Where the data below begins, start retyping exactly, and end on the line with "Green bush shrub", which is included; no picture goes in.

> **Provided entries**
********************

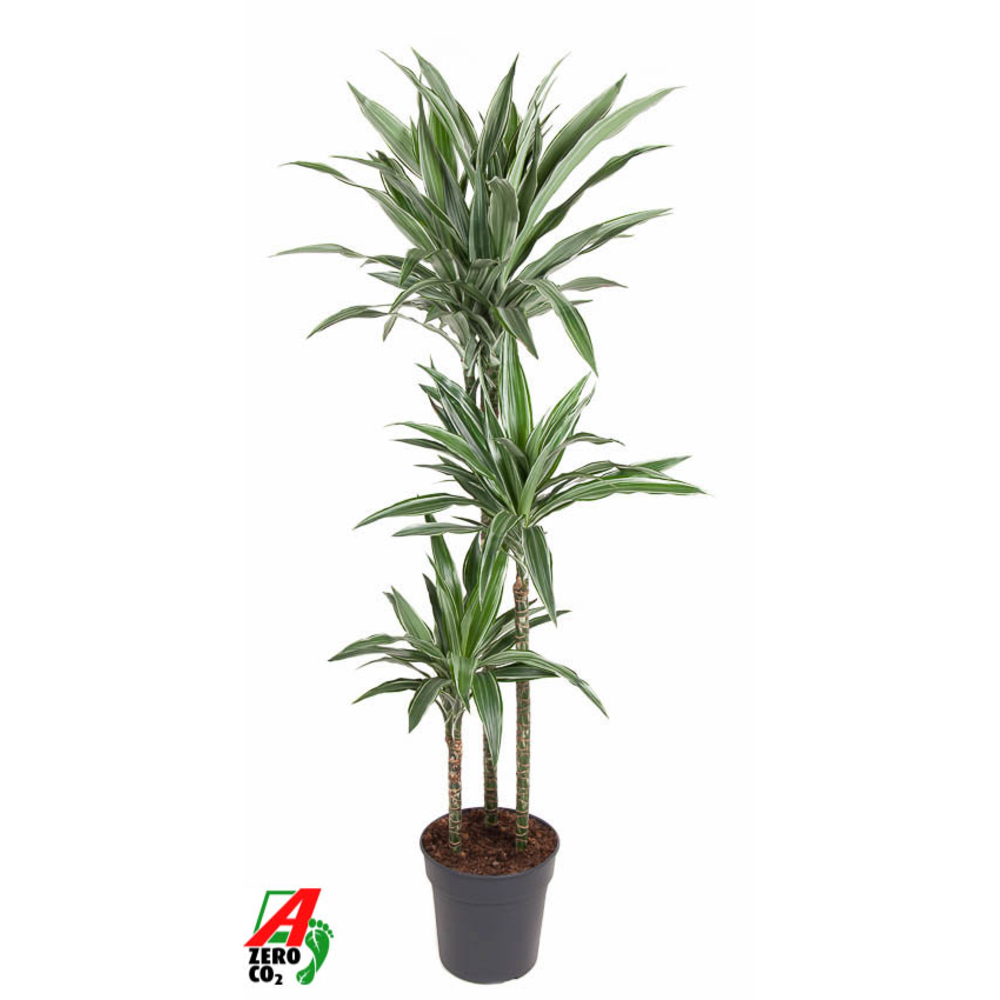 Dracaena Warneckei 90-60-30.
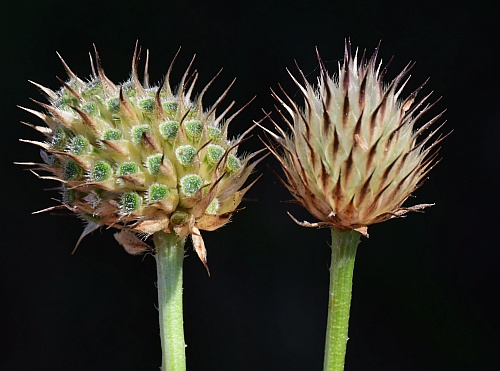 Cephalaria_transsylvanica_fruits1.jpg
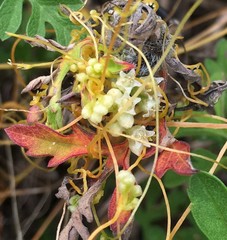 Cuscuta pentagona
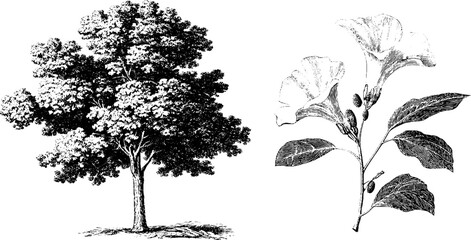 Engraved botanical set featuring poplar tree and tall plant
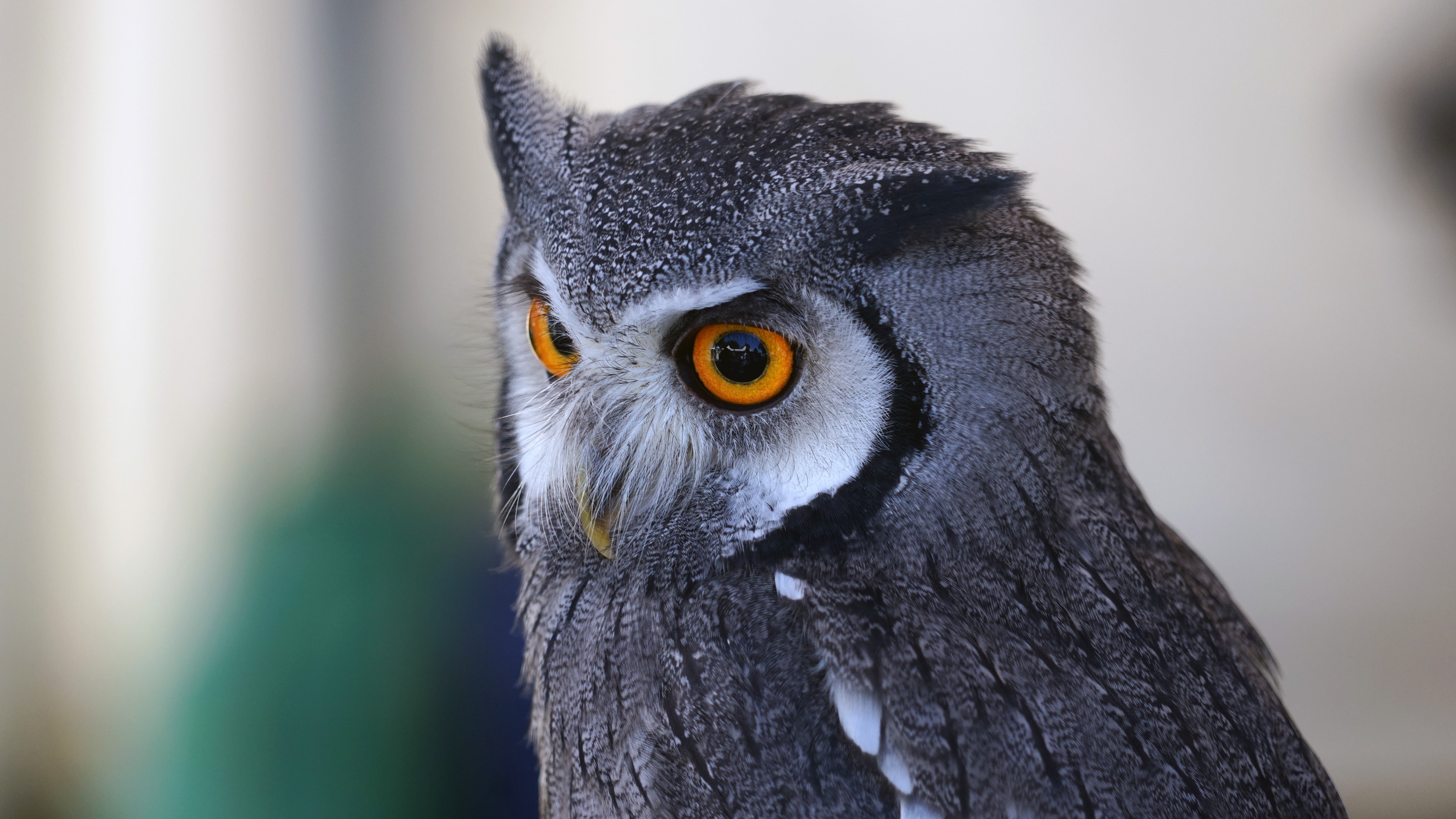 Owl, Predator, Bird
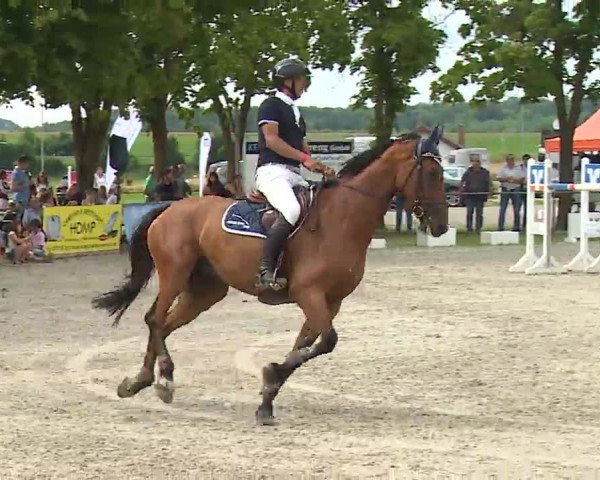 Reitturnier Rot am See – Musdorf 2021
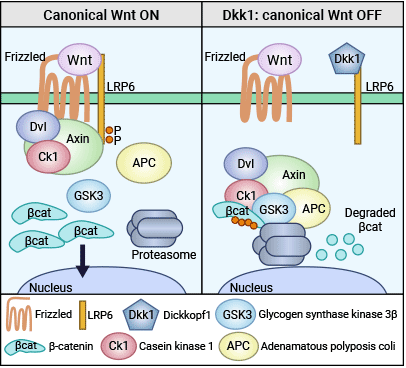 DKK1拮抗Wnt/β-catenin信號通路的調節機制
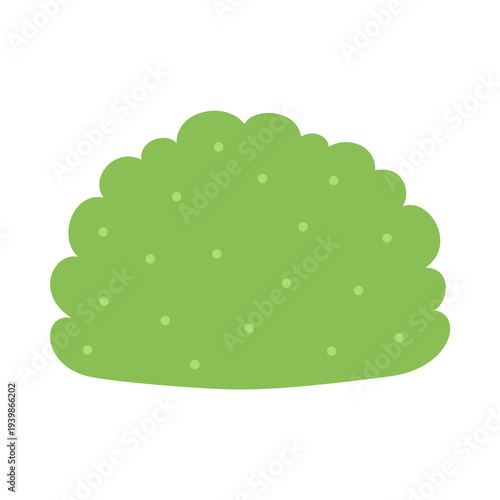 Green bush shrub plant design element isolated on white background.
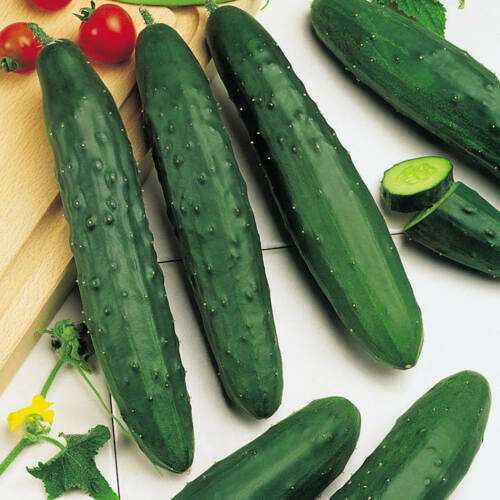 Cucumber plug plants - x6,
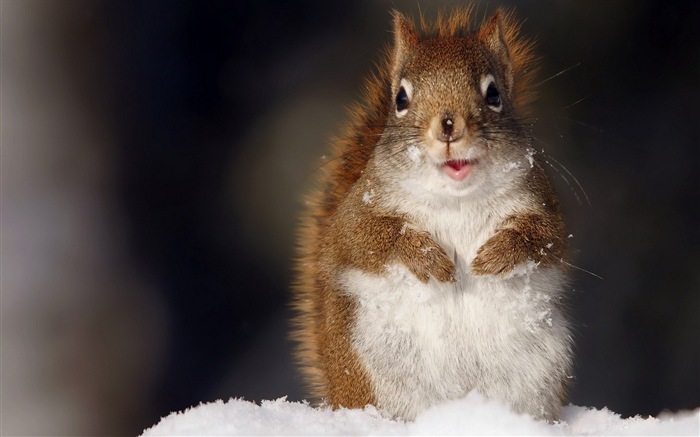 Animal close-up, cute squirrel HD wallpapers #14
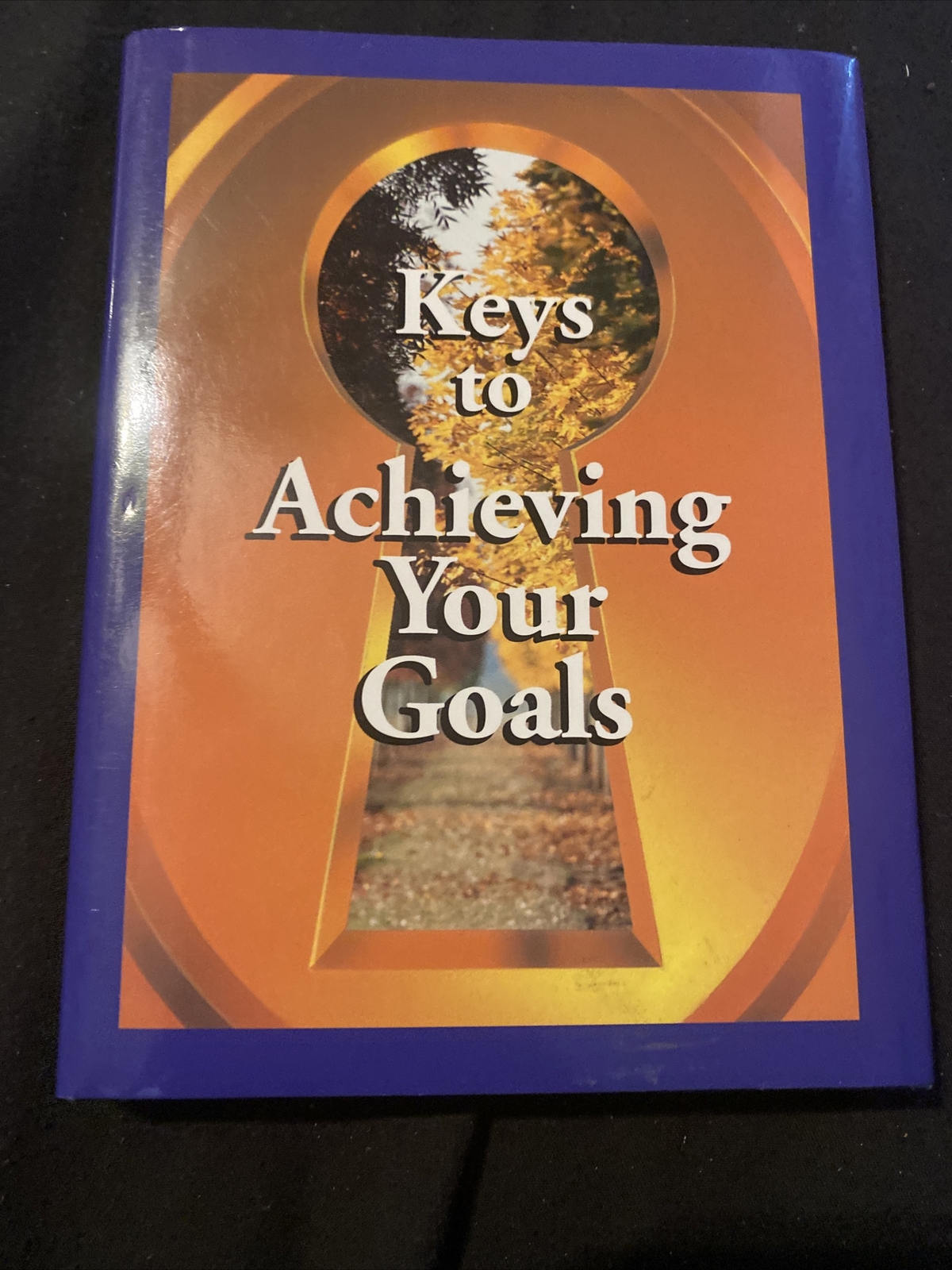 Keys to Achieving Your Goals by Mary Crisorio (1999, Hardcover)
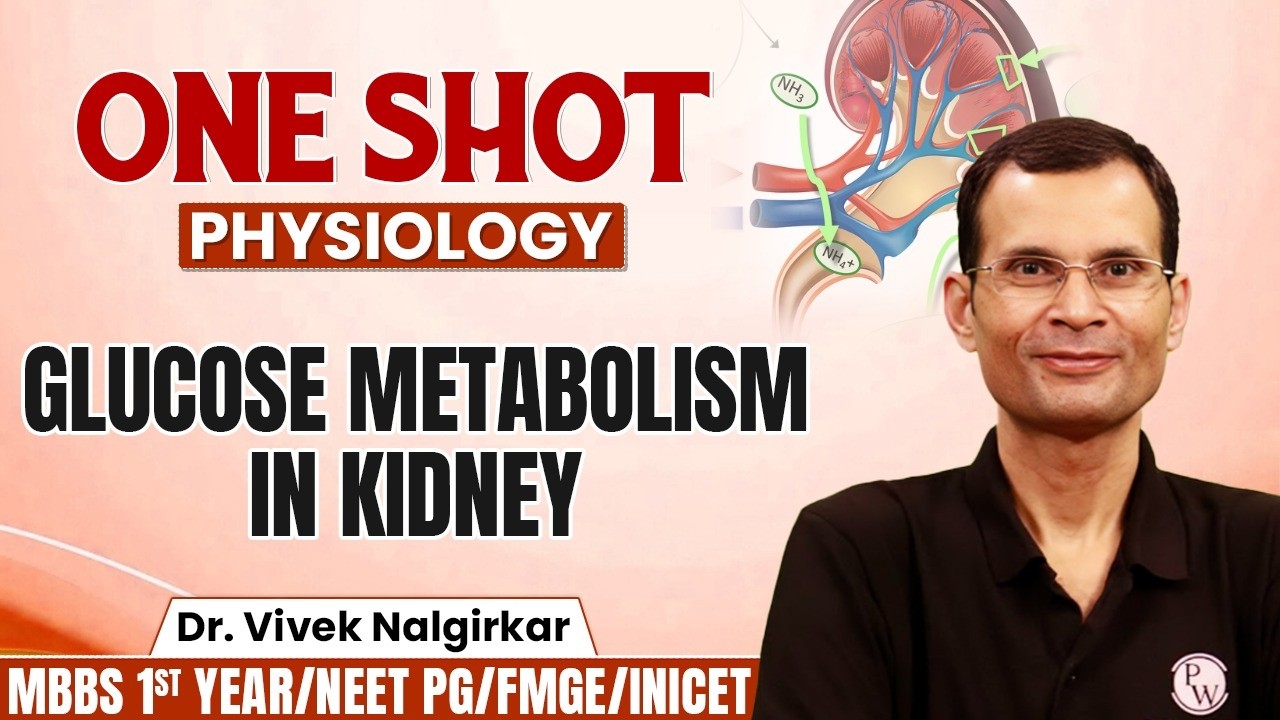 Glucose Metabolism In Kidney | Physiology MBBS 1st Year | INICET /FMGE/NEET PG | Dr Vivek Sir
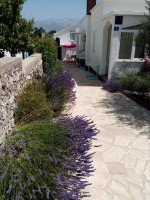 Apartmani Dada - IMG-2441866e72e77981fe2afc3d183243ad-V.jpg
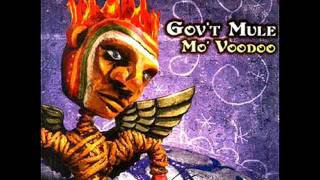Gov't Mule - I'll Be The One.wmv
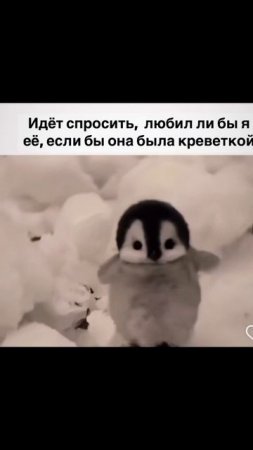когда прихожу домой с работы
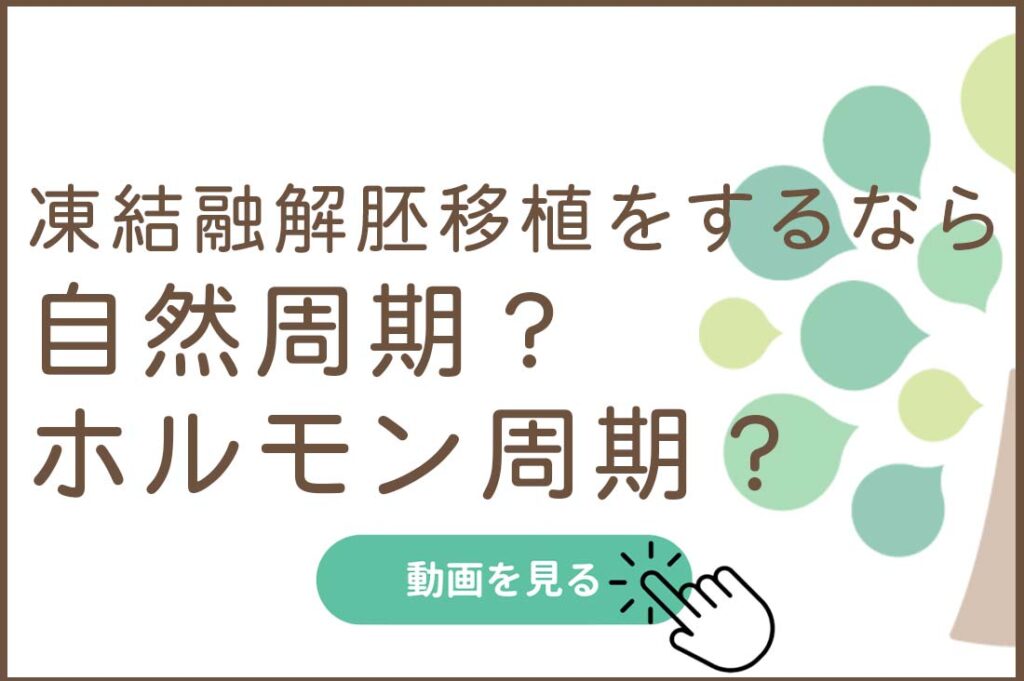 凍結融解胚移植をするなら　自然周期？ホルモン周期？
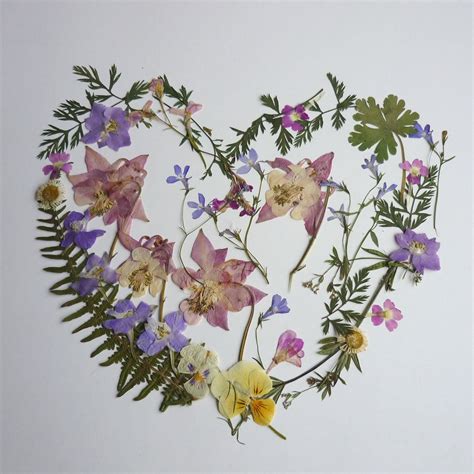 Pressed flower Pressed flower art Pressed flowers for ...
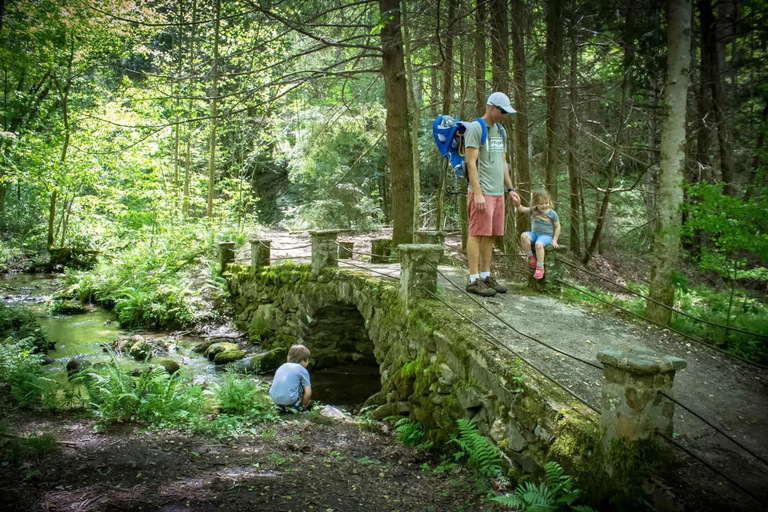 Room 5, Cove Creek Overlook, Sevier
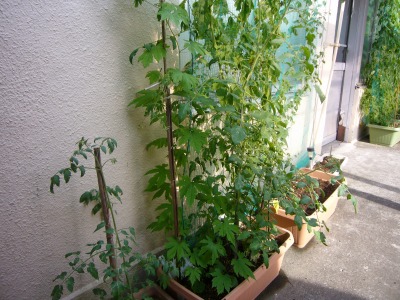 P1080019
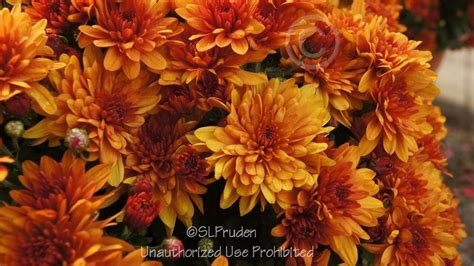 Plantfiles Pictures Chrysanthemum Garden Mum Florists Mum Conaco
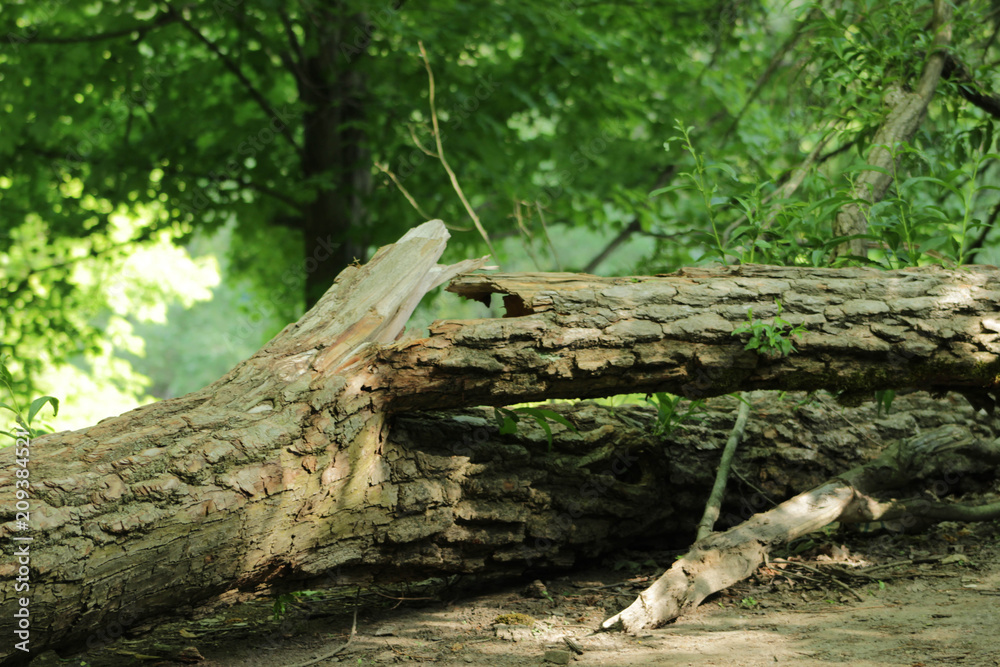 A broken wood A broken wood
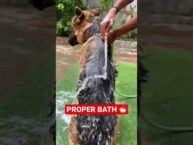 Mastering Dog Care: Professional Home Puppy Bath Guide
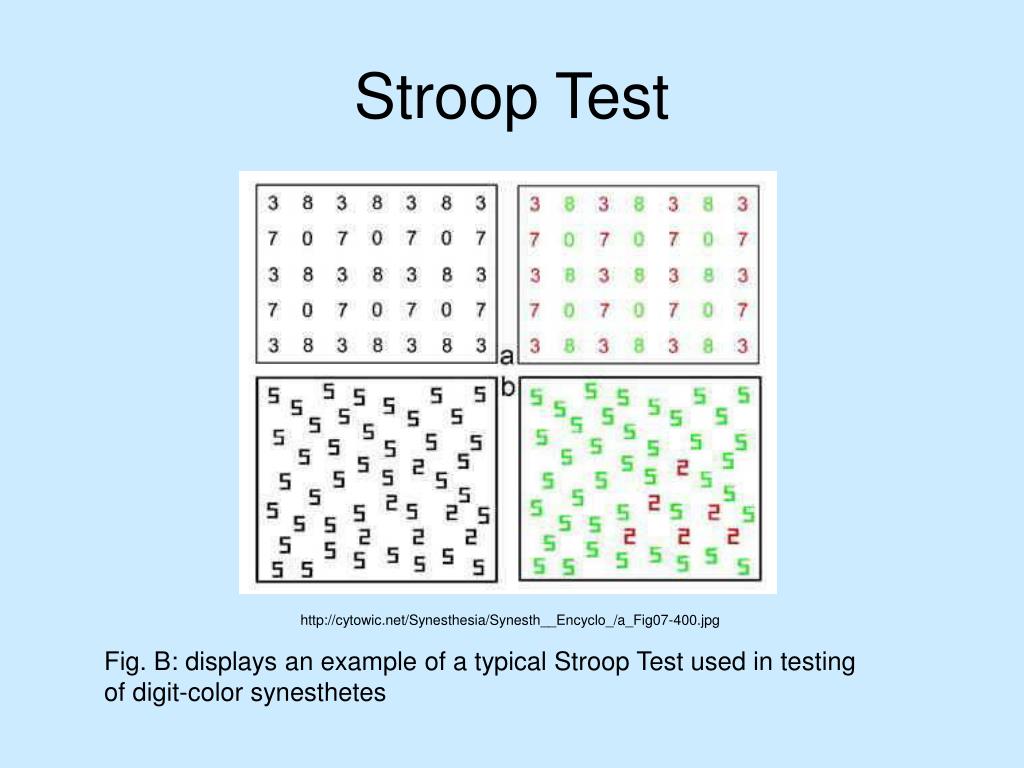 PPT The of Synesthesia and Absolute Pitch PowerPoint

********************

> **Solution for this exercise**
 Dracaena Warneckei 90-60-30.
 Cephalaria_transsylvanica_fruits1.jpg
 Cuscuta pentagona
 Engraved botanical set featuring poplar tree and tall plant
 Owl, Predator, Bird
 Reitturnier Rot am See – Musdorf 2021
 DKK1拮抗Wnt/β-catenin信號通路的調節機制
 Green bush shrub plant design element isolated on white background.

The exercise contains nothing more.